C’est vrai que Bells pourrait faire plus de cash en discriminant. Mais AT&T peut aussi faire plus de cash par d’autres moyens, par exemple en faisant plus payer ses clients. Je crois que c’est mieux de faire que les clients paient plus pour un service plutôt que d’avoir un AT&T qui choisit et élit le vainqueur sur le réseau. Les deux représentent un coût pour l’économie, mais le deuxième coût est double. Cela crée des coûts qui vont de toutes façons atteindre le consommateurs, et cela déforme la compétition entre eBay, Yahoo! et compagnie. Construire des réseaux au détriment des applications de ce réseau est un cercle logique. Ça plairait à Henry, qui aime bien vendre une toile pour acheter un plus beau cadre.

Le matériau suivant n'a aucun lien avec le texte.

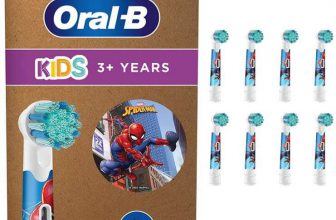 ראשים למברשת שיניים חשמלית לילדים Oral B אורל בי מארז 8 יחידות ספיידרמן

Rien de tout cela ne consiste à dire que la règle de neutralité du réseau doit être absolue, ou même proche de l’absolu. Ce n’est un secret pour personne que AT&T et Verizon veulent ressembler plus à des compagnies de télévision par câble. Si Verizon veut construire un réseau privé pour vendre de la télé, cela justifie des pouvoirs élargis pour contrôler le réseau, une précondition nécessaire pour simplement fournir le service. Aucune règle de neutralité devrait faire barrage à la construction de réseaux plus performants.

Mais ce qui doit être banni est le blocage, la discrimination gratuite, et le choix de favoris. Quand bien même ce serait un moyen de faire de l’argent, c’est simplement trop proche de la vision qu’a Tony Soprano du réseau : sers-toi de ta position pour faire des menaces et extraire des paiements. C’est similaire aux systèmes illégaux (mais courants) de “payola” dans le monde de la radio. Oui il y a de l’argent dans ces systèmes, mais ces systèmes ne sont bon ni pour l’industrie ni pour le pays. Si autoriser la discrimination sur le réseau signifie qu’on reste coincé dans la vision à long terme qu’a AT&T de l’Internet, ça ne vaut pas la peine.